- Peter Esherick
- The "unihorn" of the Cascades — discovered recently with others of its kind on the slopes of Three Fingered Jack.
Wow! A "unicone" on the cover of last week's Source, and no one told me! The subject of unicorns has been discussed and dissected ad nauseam—but last summer, a pal from Camp Sherman sent me photographic proof of another creature: a living "unihorn."
Most of us know the unicorn is a legendary creature, described since antiquity as a pony-like beast with a single long, pointed, spiraling horn projecting from its forehead. It was depicted in ancient seals of the Indus Valley people and is described by various ancient writers, including Ctesias, Strabo, Pliny the Younger and Aelian. Even the Bible describes such an animal.
Psalms 92:10 talks about a one-horned animal: "But my horn shalt thou exalt like the horn of an unicorn: It shall be anointed with fresh oil."
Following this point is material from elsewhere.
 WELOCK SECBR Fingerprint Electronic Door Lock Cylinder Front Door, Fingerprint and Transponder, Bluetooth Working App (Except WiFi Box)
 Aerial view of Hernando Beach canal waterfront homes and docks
In Deuteronomy 33:17, things get a little more interesting: "His glory is like the firstling of his bullock, and his horns are like the horns of unicorns: with them he shall push the people together to the ends of the earth: and they are the ten thousands of Ephraim, and they are the thousands of Manasseh."
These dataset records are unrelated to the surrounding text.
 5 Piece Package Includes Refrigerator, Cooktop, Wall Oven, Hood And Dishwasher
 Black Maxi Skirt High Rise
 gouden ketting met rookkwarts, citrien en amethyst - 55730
In encyclopedias, its horn was said to have the power to render poisoned water potable and to heal sickness. In medieval and Renaissance times, the tusk of the narwhal was sometimes sold as unicorn horn. (And so began the slaughter of elephants and rhinos, still going on today.)
But here's what the finder of Oregon's "unihorn," Peter Esherick, has to say about his lifetime adventure searching for it/them:
"While I've been hiking up to the saddle on Three Fingered Jack almost every summer for the last 60-plus years, it was only two years ago that I first saw a mountain goat on the mountain, picked out by the sharp eyes of my granddaughter, Camila. We weren't sure at the time what we were seeing, which led to a spirited debate about whether those white specks in the distance were polar bears, goats, sheep or best of all, unicorns! So of course, we consulted the local expert and, of course, Jim set us straight. 'Mountain goats,' he said...adding, 'but then again...'
"Now, each year when we hike up there we are always on the lookout for mountain goats or unicorns, always hoping to get a close enough look to be able to tell for sure. So this time around my daughter Katrina and I got up early one Wednesday in July (too early for grandkids!) and made the hike to Canyon Creek Meadows and up to the saddle. Over to our right about 300 yards away, we could make out 12 mountain goats: nine adults and three babies!
"With that success we decided to take visiting friends up the next Saturday. I had carried my long lens and big camera all the way up there and I was not going to be deterred, so back we went the following Wednesday, making sure to get an early start. We got to the moraine over the ice lake about 9 a.m. and scouted around: not a mountain goat in sight! Dang!
- Dennis McGregor
- "Unicone" by Dennis McGregor from last week's cover.
"Well, maybe they're on the other side again, I thought, so I continued on up towards the saddle while Katrina held back with some phony complaint about her feet hurting. Just as I came around a tree on the last knoll before the saddle, bang! There they were! Five mountain goats quietly grazing and just laying around, no more than 70 yards away!
"So I fired off a bunch of photos with the my 500mm zoom and contemplated getting closer. I figured it might not be wise to continue on the trail which would have put me 10 feet below a goat who could have easily knock me full off the mountain with one head butt, so I waited until he'd had enough of watching me and he wandered off.
"That let me continue up along the trail obscured from sight of the other goats. Popping over the moraine ridge a few minutes later I was now only about 20 yards away from a... goat...? Or was it a...a...unicorn! True to Camila's initial observations, I had found the unicorn! (Or, as her brother Samuel more correctly identifies it, a unihorn.)
"This fellow had one broken horn, but he seemed to be proud of it, so he posed for me for 10 minutes before wandering off to join the rest of his clan. I could probably go on, but as a good friend has said on occasion, 'I've already told you more than I know. But we'll be back next summer and continue the observations. See ya' up there!'"
In closing, in recent research, I was amazed to find unicone's horns—like the one seen on last week's cover—are available in most grocery stores. If you see a live unicone, please don't shoot it. Be warned though, most cones found in stores are not "organic." However, I understand, if stuffed with ice cream they are delicious.